Maintaining Directory Accuracy
Health plans need to check each provider’s directory information at least every 90 days. Providers should let plans know right away if their practice location, phone number, or network status changes.
If an insurance company can’t verify a provider’s information, they temporarily remove or flag that provider’s name in their provider search tool.
To keep getting paid on time and avoid these issues, the provider’s team should set a recurring 90-day calendar reminder to update and confirm directory information before the deadline.

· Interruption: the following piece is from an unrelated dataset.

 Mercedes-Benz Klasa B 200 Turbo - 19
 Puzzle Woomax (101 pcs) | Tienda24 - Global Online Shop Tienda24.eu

Actionable ED Revenue Cycle Checklist for 2026 Compliance

To ensure your emergency department complies with the new 2026 rules and avoids late reimbursements, you must follow these operational steps.
✅ Update Telehealth Charge Catchers
A strict review of your EHR charge-capture rules is necessary. It helps ensure that telehealth services are in line with the CMS standards. The old distinction between provisional and permanent services is gone. All virtual visits now require a real-time, two-way audio-video connection.
Additionally, verify that your virtual direct supervision workflows for clinicians and teaching physicians meet these permanent audio-visual mandates.
✅ Audit Three-Day Window Workflows
Train hospital billing staff to audit all inpatient admissions for preceding ED visits within a three-day window to ensure Condition Code 51 is applied only to completely unrelated non-diagnostic encounters.
✅ Reconfigure Method II CAH Systems
For rural facilities, cross-reference all claims to ensure professional ED procedures are clear on Type of Bill 85X with Revenue Code 0981.
✅ Partition Crisis Documentation
Review psychiatric crisis templates to ensure physicians explicitly separate medical E/M time from crisis psychotherapy minutes (90839-90840).
✅ Update MIPS Dashboards
Work with your EHR vendor to delete the removed measures QID487/QID498 and upload the newly modified antibiotic stewardship parameters.
✅ Enforce 90-Day Directory Attestations
Establish an automated calendar alert to submit provider roster verifications to all major payers every 75 days to completely avoid the No Surprises Act directory removal penalty.